Toccare terra non è la fine dell’incubo: i militari libici li rinchiudono in prigione senz’acqua per due giorni e così, con una nuova morte, il macabro conteggio arriva a 63 vittime. Vengono rilasciati solo quando un amico etiope paga la cauzione.

Il giornalista della Televisione svizzera italiana Emiliano Bos.
Il giornalista della Televisione svizzera italiana Emiliano Bos.

Ora sono state avviate inchieste sul mancato soccorso ai profughi

  

Nella chiesa cattolica di Tripoli, la Caritas finalmente aiuta i sopravvissuti. Il vescovo di Tripoli Martinelli ascolta la prima testimonianza e li mette in contatto con Emiliano Bos della televisione svizzera.

Dopo qualche mese, alcuni dei sopravvissuti ripartono e questa volta riescono a sbarcare a Lampedusa. Anche il Guardian racconta la loro storia ed Emiliano Bos, per la trasmissione Falò, decide di indagare sul perché nessuno ha soccorso i naufraghi. Ritraccia tutti i nove superstiti, tra Italia, Tunisia e Norvegia. Ascolta le loro testimonianze, raccoglie i documenti e costringe la Nato – dopo che per mesi aveva negato ogni coinvolgimento – ad ammettere di aver ricevuto una chiamata d’allarme dalla Guardia costiera italiana il 27 marzo e che una sua unità navale si trovava a circa 44 chilometri: la Nato sostiene però che l’allarme non obbligava al soccorso, ma solo a comunicare l’eventuale avvistamento.
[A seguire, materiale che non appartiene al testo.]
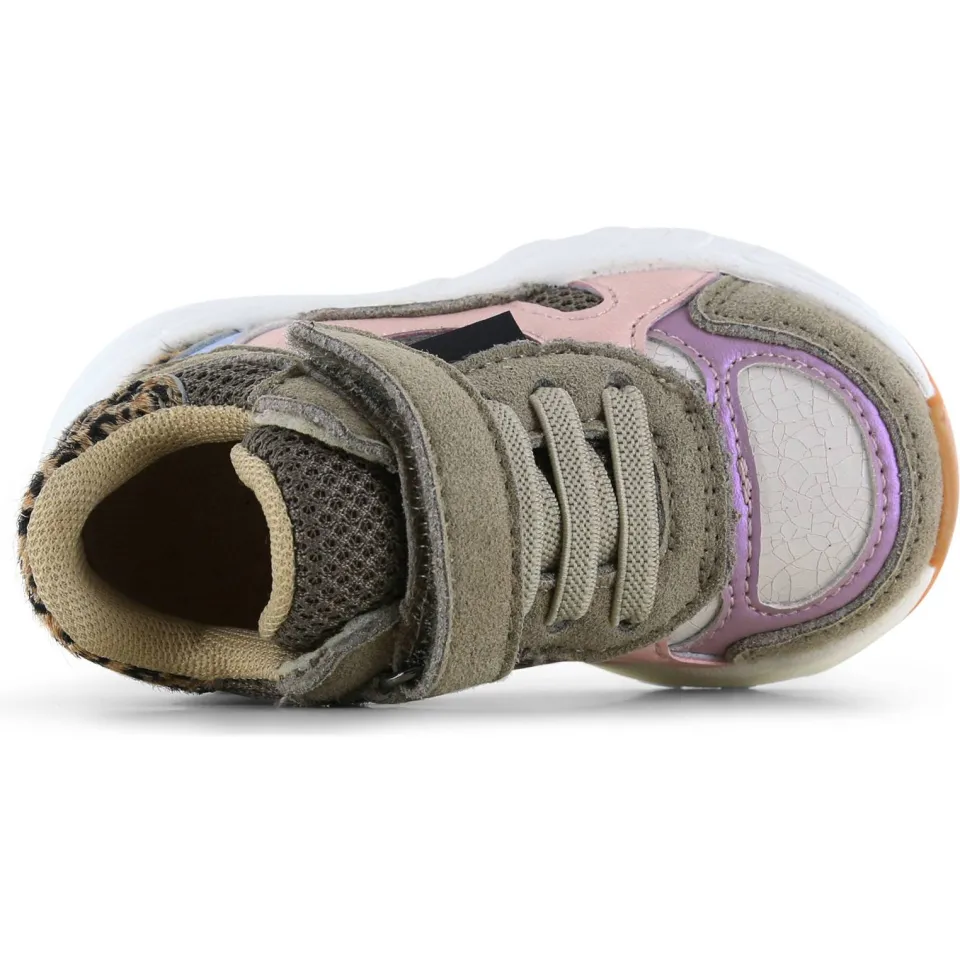 Go Banana's sneakers - taupe/roze, foto 6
Nel frattempo, grazie alla tenacia della senatrice olandese Tineke Strik, il Consiglio d’Europa apre un’inchiesta e “Mare deserto” viene proiettato all'Assemblea Parlamentare del Consiglio; successivamente, viene approvato un rapporto sulle responsabilità per i profughi abbandonati nel Mediterraneo durante la guerra in Libia, mentre in Francia e Spagna sono aperte delle inchieste anche dalla magistratura.

Uno dei sopravvissuti al campo di Choucha.
Uno dei sopravvissuti al campo di Choucha.

«Mare nostrum è spacciata come un intervento di salvataggio, ma è solo un’operazione militare»

Cosa ci dice oggi la vicenda raccontata in “Mare deserto”, nel tempo di “Mare nostrum”, la missione militare-umanitaria annunciata dal Governo italiano dopo le ultime stragi nel Mediterraneo?

«Quella di oggi», risponde il giornalista, «è spacciata come un’operazione di salvataggio, ma non è nulla di nuovo, è un’operazione militare. Non è finalizzata all’intervento umanitario, ma a realizzare barriere militari per proteggere la Fortezza Europa, per fermare chi cerca un’alternativa. Non sono offerte alternative ai barconi e non vengono considerate le ragioni di chi parte, magari in fuga dalla guerra, e potenziali richiedenti asilo politico: non è un problema solo umanitario, ma di diritto internazionale. Così come i respingimenti immediati di egiziani e tunisini appena arrivati in Italia, di cui anche in questi mesi si ha notizia».

Emiliano Bos punta il dito contro gli accordi con i Paesi dell’altra sponda del Mediterraneo, spesso tenuti segreti: «In questi giorni, c’è una retorica di finta pietas verso le navi in arrivo dalla Libia. Piuttosto, il Governo italiano renda pubblici gli accordi con la Guardia costiera libica. Cosa prevedono quelli firmati dal ministro Cancellieri nel 2012 con il premier di Tripoli?».

Secondo Amnesty International, in molti punti ricalcano il Trattato di amicizia sottoscritto nel 2008 con l’allora amico Gheddafi.

“Mare deserto” riporta anche la testimonianza di don Sandro de Pretis, un missionario che opera a Choucha, il campo profughi dell’Onu al centro del deserto tunisino, ora smantellato. In passato Choucha è arrivato a ospitare fino a 4.000 profughi scappati dalla Libia. De Pretis sottolinea come il barcone, e quindi l’immigrazione illegale, sia l’unica strada.

Per chi scappa dalla guerra o dalla miseria è quasi impossibile entrare con le carte in regola nel nostro Continente: «Sanno tutti che possono morire. La questione va ben oltre l’episodio singolo di questi 9 sopravvissuti. Va nella direzione di quale sia il nostro atteggiamento verso gli Stati africani che spesso sono dittature e che noi riconosciamo come governi legittimi. Se questa gente dev’essere obbligata a imbarcarsi su carrette delle quali una su due arriva a Lampedusa, é perché noi li spingiamo a farlo. E poi li denunciamo come clandestini».